## PROVIDED DATA

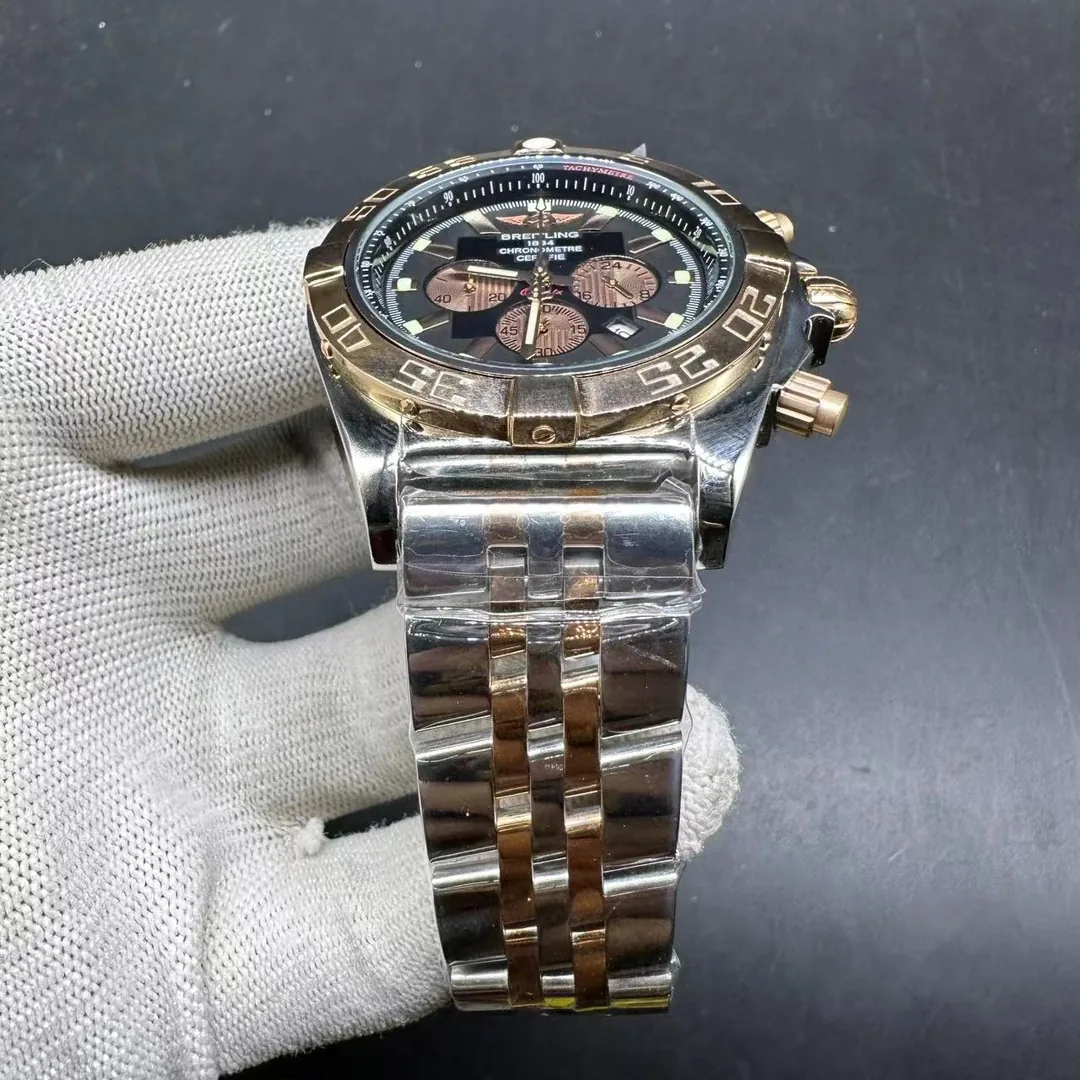 Swiss Replica Breitling Chronomat AB0110 Men’s 44mm Watch with Gold Bezel & Grey Dial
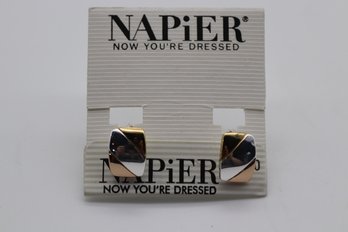 Napier Geometric Gold And Silver-Tone Clip-On Earrings - Vintage Designer Jewelry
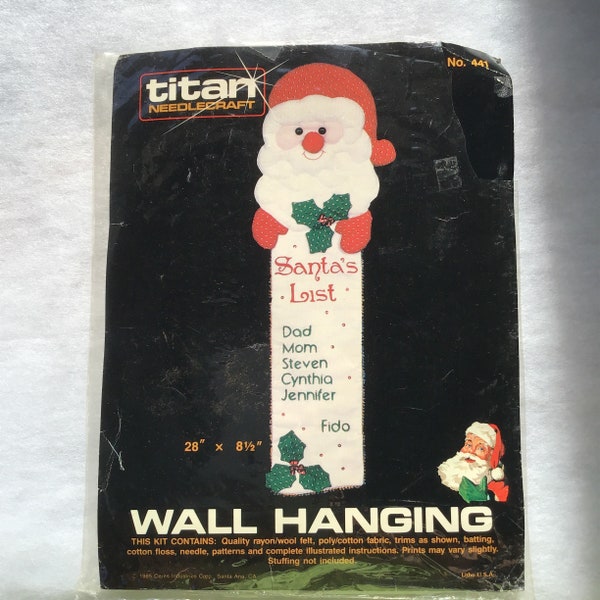 Titan Needlecraft Santa’s List WallHanging,Complete Kit with QualityRayon/Wool Felt,Poly/Cotton Fabric,Trims,Batting,Cotton Floss,Needle,Ins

## ABOUT THIS EXERCISE
Drop every picture from the data, then output all the rest exactly.

## FINISHED EXERCISE
 Swiss Replica Breitling Chronomat AB0110 Men’s 44mm Watch with Gold Bezel & Grey Dial
 Napier Geometric Gold And Silver-Tone Clip-On Earrings - Vintage Designer Jewelry
 Titan Needlecraft Santa’s List WallHanging,Complete Kit with QualityRayon/Wool Felt,Poly/Cotton Fabric,Trims,Batting,Cotton Floss,Needle,Ins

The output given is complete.